ロシアのウクライナ侵攻もありますし、ちょっと周りが見えてないかなと言う気がしますが。
とくに台湾海峡ってエネルギー面でも日本にとって相当重要なわけで、無責任に脱原発煽ったの含めて全体像見てないのはどうなのかという印象です。
その思いを強くした理由として、「AI監獄ウイグル」を読んだというのもあります。
読み終わるとAIや洗脳の怖さを覚えると同時になぜ欧米が中国に対して距離をとるようになったかもよくわかります。
米中テック企業が作った「最悪の実験場」
前書きで100人以上にインタビューしたとは言え明らかに誇張している人の内容は除外していると書かれてますから、それでこのレベルの中身なのが怖さではあります。
インタビューを受けてる人たちは明らかに状況が悪化していく中で幸運にもウイグルから脱出できた人たち。
半数くらいの人が強制収容所に入れられていて、その中では思想教育と極限状態において洗脳に近い物。
おまけに外で暮らしている人たちは少しでも怪しい部分があるとスコア付けで店の利用等も制限されるわけで、中国テックをもてはやしている有識者もいましたが、これを読むとちょっとやばくないかと思うレベルです。
ちなみに5年くらい前の飲み会で他社に「中国が出てきて経済支配されても日本はなんとかなるよ」と言ってる人がいましたが(スマホも安いから中華製)、その後欧米で中国企業が規制されてるのを見ますとあのとき抱いた違和感がなんとなく顕在化していないかと思う今日この頃です。
あと一路一体という話がありましたけど、ウイグルの民族的にカザフスタンやトルコに亡命した状態になっても、亡命先の政府が強制連行→中国へ強制送還も行われてたりする模様。
加えて現地にスパイがいたり、中国に残った親族の電話番号から電話がかかってくるなど、本が書かれて多少なりとも時間が経っていて現在どうなってるんだ?という気がします。

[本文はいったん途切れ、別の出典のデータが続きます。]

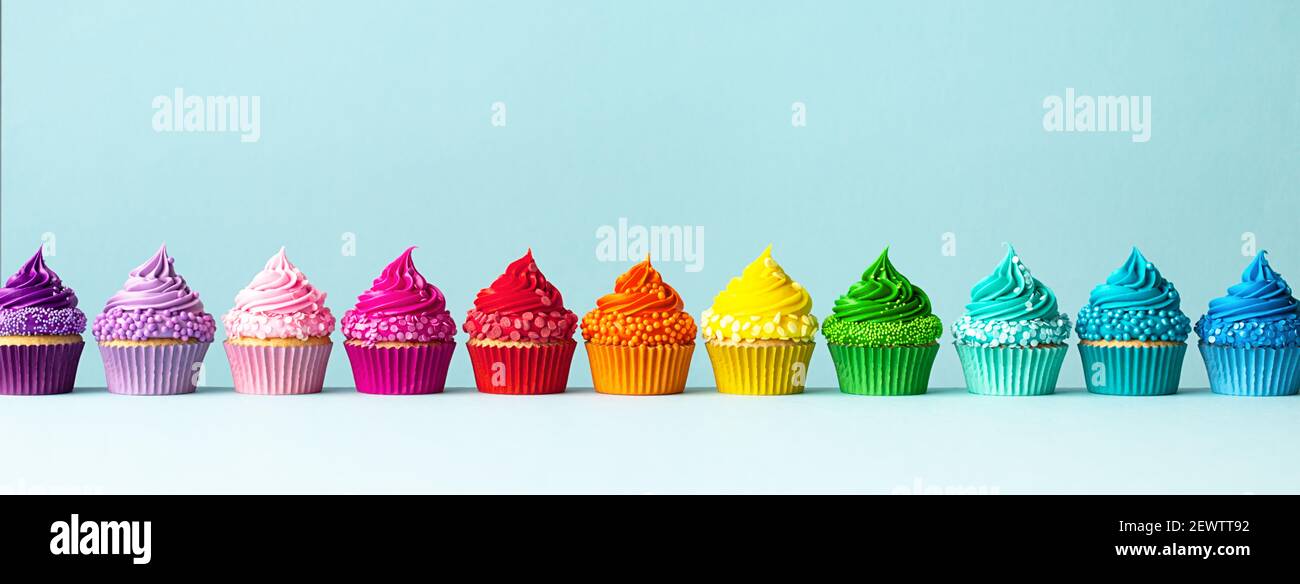 capítulo Pebish Plano Fila de coloridos cupcakes en colores arcoiris Fotografía de stock - Alamy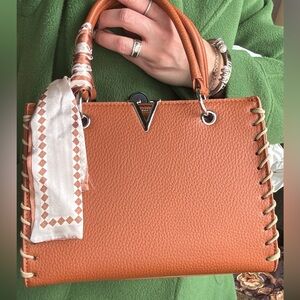 Beautiful Vegan thick leather side stitches zip top satchel/Crossbody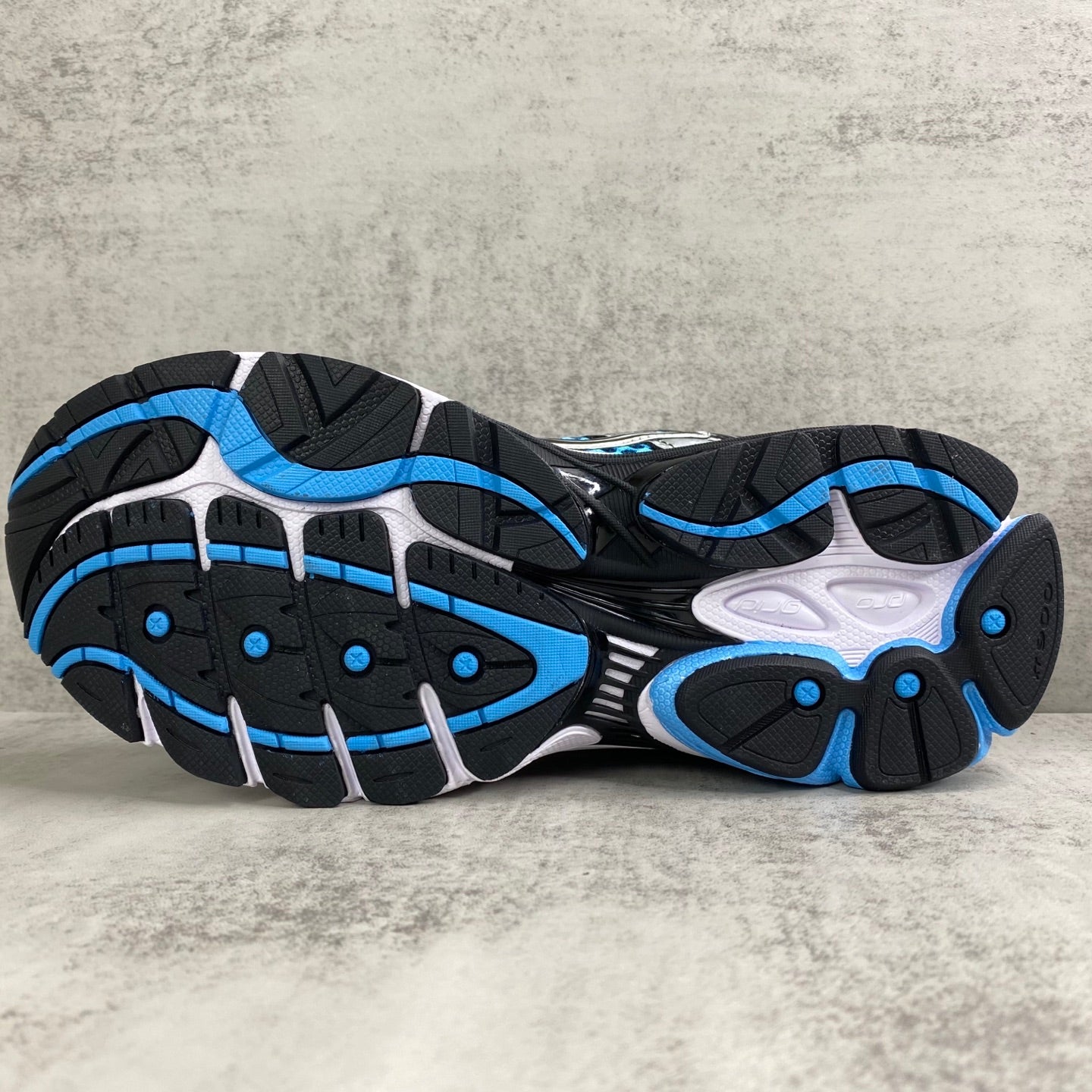 SAUCONY OMNI 9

これを読むと漢族中心の発展している沿岸部やらはどうなってるのかが気になるのと同時に、新疆に工場建ててる欧米企業にESG投資を語る資格はないかなと思いました。
技術的に欧米の技術を活用しているわけですが、厳しくなったとしても産業スパイ的なものをどうするのかは気になりました。
で、AI監獄ができるまでの移行期の間に亡命できた人たちへのインタビューが多く載っていましたが、気になった点は末端を虐げたとしても軍部で反乱起きたときとか対応できるのか?というのは思いました。
ちなみに資本主義だけ残ったによると中国などの国家主導型の政治的資本主義に関しては以下の点が指摘されています。
- 腐敗はどちらでも起こるが、法適用が曖昧の面で弱い政治的資本主義は高い成長率と効率的な行政を永久に気を抜けない。
- 政治的資本主義は社会的な施策で失敗したら取り返しがつかない確率が高い。
コロナや不動産バブルの施策で失敗している気がするのですが、これがウイグルにとっていい方向に行くといいのですが。
ともあれ中国の負の側面を知る上で有意義な一冊だと考えます。